Both members of The Monkees have their birthdays today! Happy birthday to Davy Jones and Mike Nesmith. Below is an excerpt from Don Kirshner: The Man with the Golden Ear, by Rich Podolsky.
With all the publicity he had received, Kirshner was getting quite a requtation, and his ego swelled a little more once he began guiding the musical career of the Monkees.
In 1965, producer Bob Rafelson approached Bert Schneider with an idea. Rafelson was inspired by the Beatles’ first film, A Hard Day’s Night, which not only featured the group’s songs but showed their happy-go-lucky wackiness as well. He wanted to do a TV series with four actors who would play a wacky American foursome. Schneider agreed and the two formed their own company, Raybert Productions, and sold the show to Screen Gems.
Screen Gems put out a wide casting call and finally settled on Americans Micky Dolenz, Mike Nesmith, Peter Tork, and Englishman Davy Jones. The company planned a weekly TV show, which would feature the group’s slapstick antics and a song or two.
For the music, the company relied heavily on Kirshner. And he delivered. He selected and executive-produced all of their songs, several of which were written by Jeff Barry and Neil Diamond, two of the decade’s greatest songwriters. For their first single, Kirschner carefully picked “Last Train to Clarksville,” which was written by Tommy Boyce and Bobby Hart, who were new in the Kirschner stable.
After “Clarksville” went to No. 1, Kirshner somehow talked Neil Diamond into giving the Monkees “I’m a Believer,” even though he wanted to record it himself. At the time, Diamond was already a successful performer, having struck with “Solitary Man” and “Cherry, Cherry,” the latter reaching No. 6. Talking him into giving up “I’m a Believer” may have been Kirshner’s greatest accomplishment for Screen Gems.
In 1958, long before he created and hosted Don Kirshner’s Rock Concert, the most dynamic rock-and-roll series in television history, before he developed the Monkees and created the Archies, Don Kirshner was a 23-year-old kid with just a dream in his pocket. Five years later he was the prince of pop music. He did it by building Aldon Music, a song publishing firm, from scratch. This is about how he did it – with teenage discoveries Bobby Darin, Carole King, Neil Sedaka, and more.

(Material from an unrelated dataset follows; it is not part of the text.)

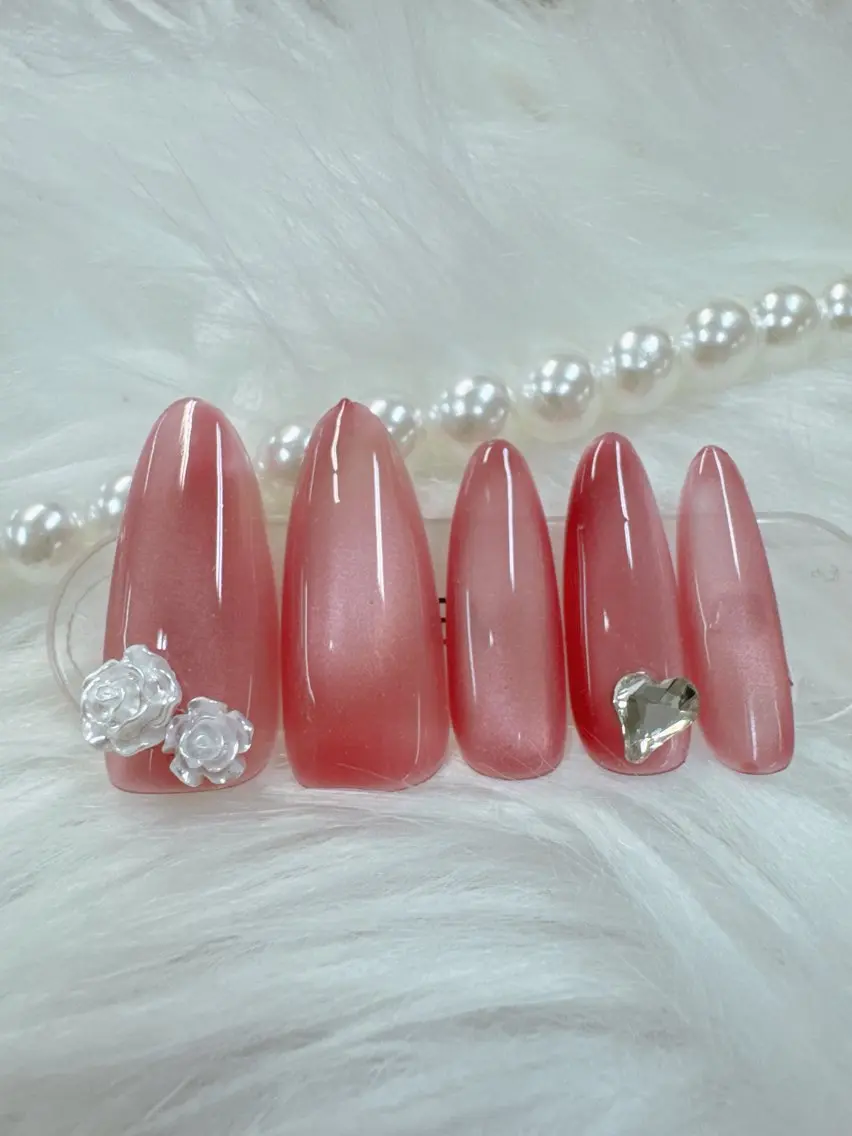 ネイル アートネイル ボルドー ドット フレンチネイル ジェルネイル Queeens nailのネイルデザイン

By 1960, at the ripe old age of 25, Kirshner had built the most powerful publishing house in the business, leading Time magazine to call him “the Man with the Golden Ear.” In five short years he coaxed and guided his teenage prodigies to write more than 200 hits. And they weren’t just hits, as it turned out, but standards – including “On Broadway,” “Will You Love Me Tomorrow,” “Up on the Roof,” “Breaking Up Is Hard to Do,” “I Love How You Love Me,” “Who Put the Bomp,” and “The Locomotion” – songs that have become the soundtrack of a generation. “We weren’t trying to write standards,” said one songwriter. “We were just trying to please Donnie.”